The unfortunate result of allowing anti-intellectuals to participate in governance....
A result of Politicians who want to control something they just don't understand. Even worse they don't possibly comprehend the choices of their decisions. It's a bit of a hypocrisy that Congress doesn't care what happens with spying, just as long as it doesn't happen to them.
That said, secrets can be exposed and hard to remove. (ie: Eternal Blue/Wanna Cry) and the ramifications ever lasting. The weakest link isn't the technology, but the people who use it and maintain it. People make mistakes. It's part of human nature. And the devices made by man (including back doors) therefore can be inherent with bad design choices including exploitable ones. No amount of code reviews, design, and security procedures can stop the weakest link: A dumb person (IE: A contractor who installed cracked keys on his classified laptop.) Or a politician who doesn't even listen to security rules (IE: Hillary Clinton's private email server)
There are only two remote controlled systems that are critical and can't be compromised. (Power plant controls, and our nuclear defenses) Why? Because there is no complete digital point A -> B and the technology is proprietary to just one specific system. The final end point of said commands is controlled by a human being. They are the ones who manually throw the switches on an isolated system. Quite simply compromising a device through a digital chain opens it up to remote compromise by threat actors.

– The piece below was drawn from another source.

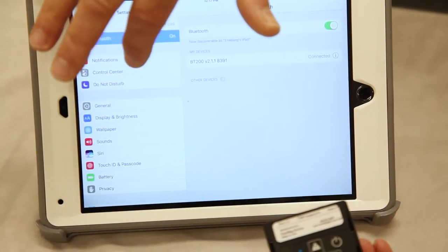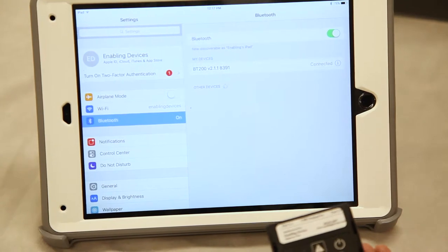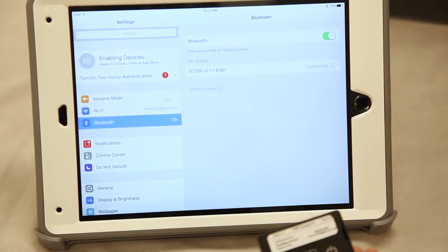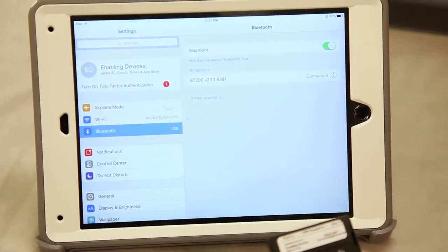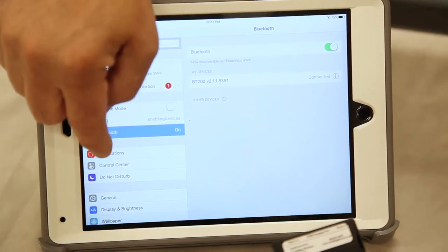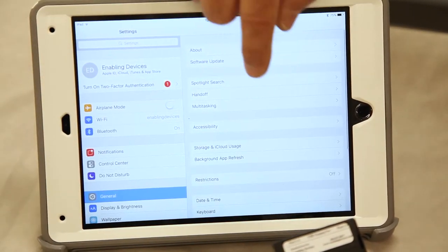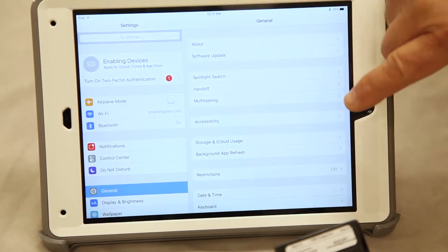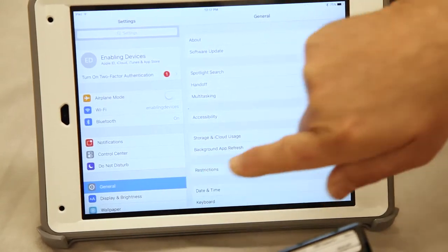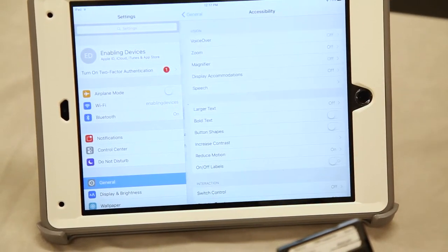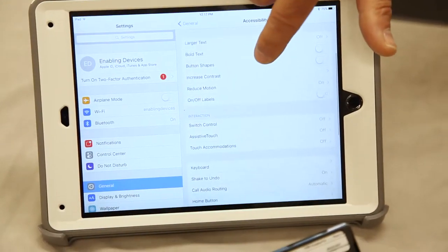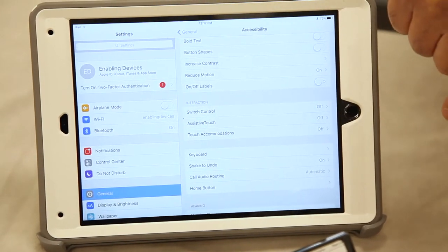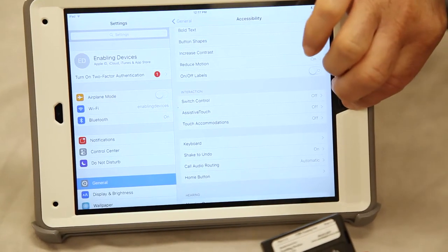One other note is there is assistive technology mode on the iPad. When you're using switch friendly apps, you want to make sure that switch control is turned off. So that goes under General, under Accessibility. Just want to make sure that switch control is turned off, which it is. And then you can get out of here.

It's entirely possible the back door can be exploited by other actors who the government did not intend. For example, a Russian, North Korean, Iranian, or Chinese hacker group may compromise someone in a sensitive position here in the USA. Look how WannaCry and Stuxnet type viruses were used against the public after they were exposed. There are always new ways to exploit once was thought safe. That includes encryption (WEP/WPA/TLS 1, etc...) and APIs (SMBv1, Struts) , languages (Javascript) and hardware (RowHammer/Spectre/Meltdown)
And to be honest they don't need more back doors. They solved a lot of these problems YEARS ago. They don't try to get around the encryption. They just compromise the end point where the end encryption happens. This way you have full access to that data and everything on that device that might be related.
Theres also another unintended side effect: If backdoors are suspected in your product, then the customers in question will move away from your product. There's a reason China is creating their own OS and CPU chips. And there's a reason the USA refuses to use Huawei isn't allowed to sell 5G infrastructure to the USA.